27.La banque a communiqué cette information à son personnel. Selon nous, les nouvelles lignes directrices en matière de procédures ainsi qu'une formation adéquate du personnel permettront aux employés de la banque de bien expliquer les fins auxquelles les renseignements personnels sont destinés dans ces circonstances.
Conclusion
28. Par conséquent, nous concluons que la plainte relative à la collecte de renseignements personnels (principe 4.4) n'est pas fondée et que la plainte relative à la collecte de renseignements personnels à des fins d'identification (principe 4.2.5) est fondée et réglée.
Autre
29. En réponse aux préoccupations du client, qui soulevait le fait que la banque lui a demandé son permis de conduire plutôt que toute autre pièce d'identité avec photo, nous avons confirmé que les procédures révisées de la banque offrent diverses possibilités en ce qui a trait aux pièces d'identité avec photo. Nous avons recommandé à la banque de rappeler à ses succursales de veiller à ce que leurs clients soient au courant de ces possibilités.
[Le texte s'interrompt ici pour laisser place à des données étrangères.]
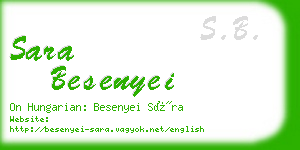 sara besenyei business card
30. Pour ce qui est de l'objection formulée par le plaignant en ce qui a trait au fait que la banque ait exigé qu'un client connu du personnel de la succursale doive présenter une pièce d'identité pour prendre possession de sa carte de crédit, nous l'avons informé que les Lignes directrices en matière d'identification et d'authentificationNote de bas de page 1 publiées par le Commissariat indiquent qu'une organisation doit authentifier l'identité d'une personne seulement lorsque cela est nécessaire en raison de la nature de la transaction. En outre, les lignes directrices prévoient que le processus d'authentification peut porter sur trois facteurs, c'est-à-dire : (i) quelque chose que la personne connaît; (ii) quelque chose que la personne possède; (iii) quelque chose qui fait partie de la personne (par exemple, un trait biométrique comme son visage) ou que seule cette personne peut faire.